* **PROMPT**
Copy every entry word for word, but skip the pictures.

* **EXTRACTED DATA**
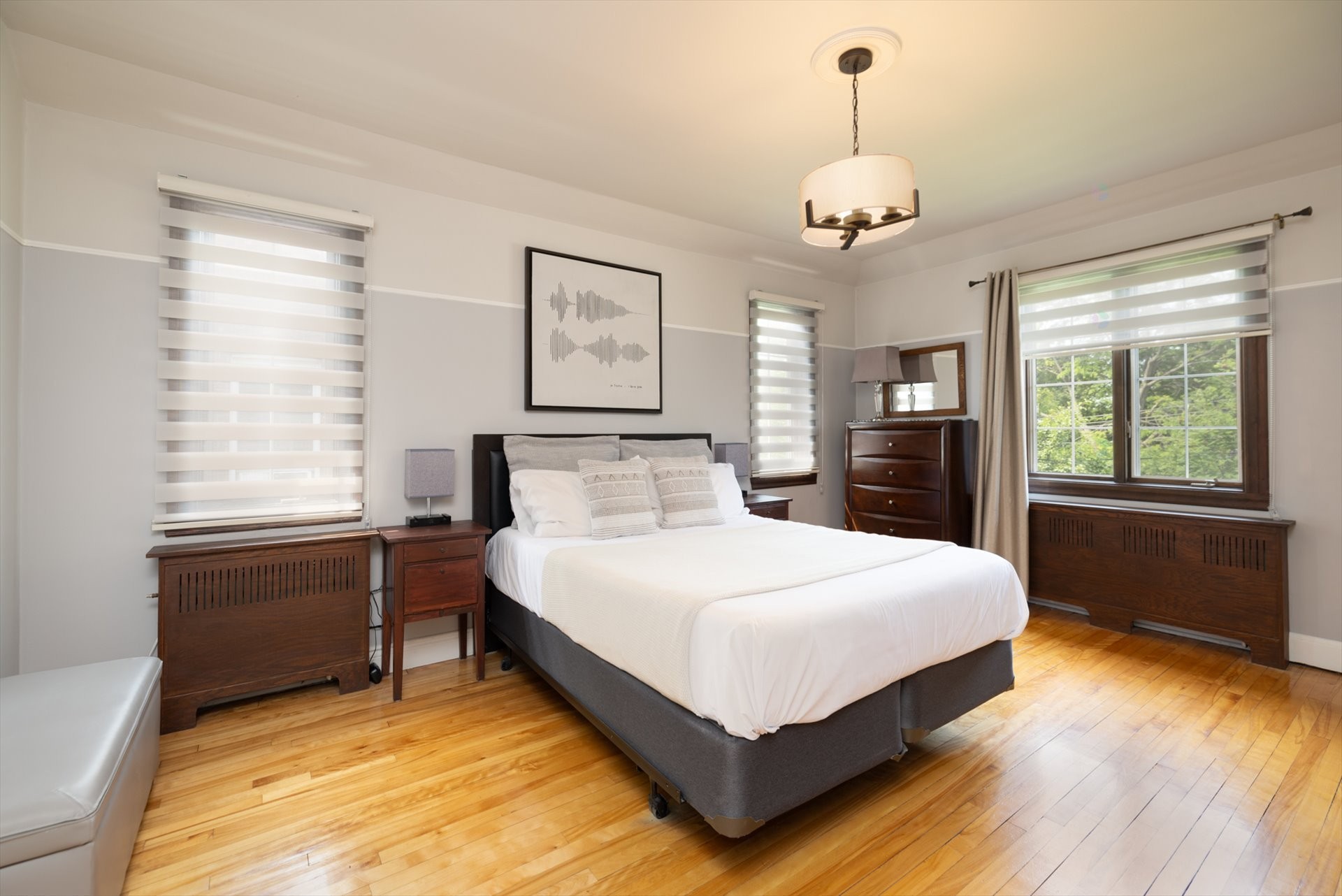 









19


Av. de l'Église

,
Pointe-Claire,




QC
H9S5J1

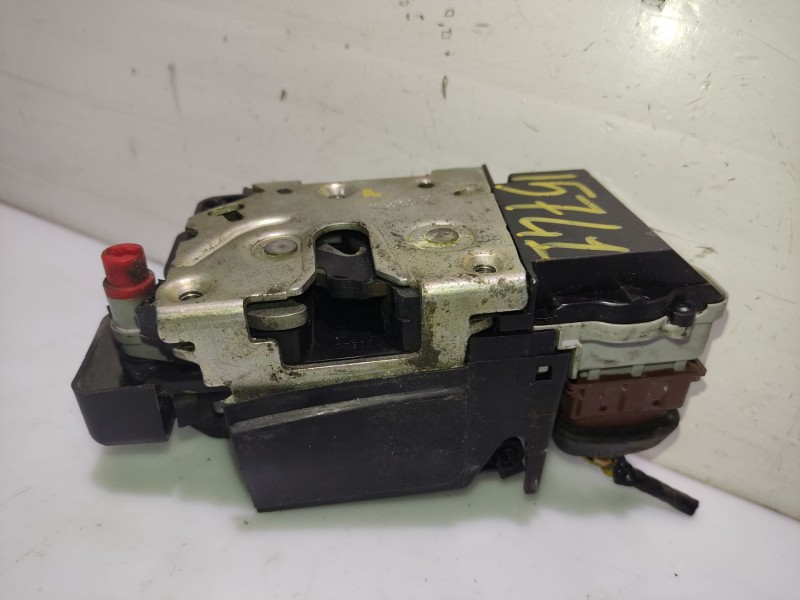 Recambio de cerradura puerta delantera izquierda para peugeot 406 (8b) 1.8 16v referencia OEM IAM 9135H6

* **OUTPUT**
19


Av. de l'Église

,
Pointe-Claire,




QC
H9S5J1

 Recambio de cerradura puerta delantera izquierda para peugeot 406 (8b) 1.8 16v referencia OEM IAM 9135H6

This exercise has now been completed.